De ce point de vue les magistrats les plus sensibles aux discours sécuritaire ambiant se sentent légitimes à sanctionner aussi durement des salariés en colère. Ces même magistrats, plutôt habitués à traiter des faits de délinquance civile, sont largement déconnectés du monde du travail.
Il n’existe en effet plus au sein de l’école nationale de la Magistrature, comme cela était le cas auparavant (et comme le réclame l’ODRS) de formations qui regroupent magistrats, chercheurs et syndicalistes en vue d’analyser ensemble la réalité des relations sociales dans les entreprises.
Cette sanction illustre enfin l’inégalité de traitement réservé au patronat et aux militants syndicaux. L’énormité de cette sanction n’a d’égale que l’impunité d’un patronat qui sanctionne quotidiennement les syndicalistes qui s’opposent à l’arbitraire dont ils sont victimes.

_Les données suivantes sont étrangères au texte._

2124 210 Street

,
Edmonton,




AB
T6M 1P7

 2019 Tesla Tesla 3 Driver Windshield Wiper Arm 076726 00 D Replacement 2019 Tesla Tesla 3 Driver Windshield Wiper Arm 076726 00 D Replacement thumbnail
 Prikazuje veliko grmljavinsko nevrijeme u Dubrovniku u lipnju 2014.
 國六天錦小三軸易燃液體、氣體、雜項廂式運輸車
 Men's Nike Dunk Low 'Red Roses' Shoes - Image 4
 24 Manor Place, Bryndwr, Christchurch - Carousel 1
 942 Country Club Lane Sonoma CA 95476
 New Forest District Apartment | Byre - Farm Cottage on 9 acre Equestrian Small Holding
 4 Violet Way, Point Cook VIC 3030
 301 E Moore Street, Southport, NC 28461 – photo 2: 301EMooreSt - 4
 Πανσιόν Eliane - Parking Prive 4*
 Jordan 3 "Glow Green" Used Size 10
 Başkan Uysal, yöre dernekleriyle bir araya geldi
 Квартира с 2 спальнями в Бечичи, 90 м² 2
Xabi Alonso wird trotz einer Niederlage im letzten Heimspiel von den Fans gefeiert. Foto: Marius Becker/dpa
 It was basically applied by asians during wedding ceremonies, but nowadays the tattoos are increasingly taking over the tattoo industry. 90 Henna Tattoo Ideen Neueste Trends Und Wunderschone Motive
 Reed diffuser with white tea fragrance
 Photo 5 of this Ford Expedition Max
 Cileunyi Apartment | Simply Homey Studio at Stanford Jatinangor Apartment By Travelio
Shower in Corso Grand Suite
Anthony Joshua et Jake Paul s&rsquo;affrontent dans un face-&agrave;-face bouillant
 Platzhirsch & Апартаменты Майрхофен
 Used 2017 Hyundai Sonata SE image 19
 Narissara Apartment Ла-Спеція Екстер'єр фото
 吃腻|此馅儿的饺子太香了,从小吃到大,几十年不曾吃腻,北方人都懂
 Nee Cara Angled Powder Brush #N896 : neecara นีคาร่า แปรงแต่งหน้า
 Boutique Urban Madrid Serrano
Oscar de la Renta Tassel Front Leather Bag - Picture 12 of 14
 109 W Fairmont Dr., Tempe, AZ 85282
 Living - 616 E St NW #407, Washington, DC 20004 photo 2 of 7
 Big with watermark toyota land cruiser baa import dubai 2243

Depuis le début des années 2000, les condamnations pour délit d’entrave à l’action syndicale ont été divisées par plus de trois et ce véritable délit vient d’être en partie dépénalisé par la loi Macron. Alors même que les faits de discrimination et de répression syndicales s’intensifient, le gouvernement se refuse à renforcer la législation pour protéger les syndicalistes et pire, donne de nouvelles garanties d’impunité au patronat.
C’est pourquoi l’ODRS propose une accentuation des sanctions pénales envers les patrons voyous et que la participation à un mouvement social soit considéré comme une circonstance atténuante pour les auteurs d’infraction commises à cette occasion.
Didier GELOT économiste et Étienne PENNISAT sociologue, membres de l’ODRS.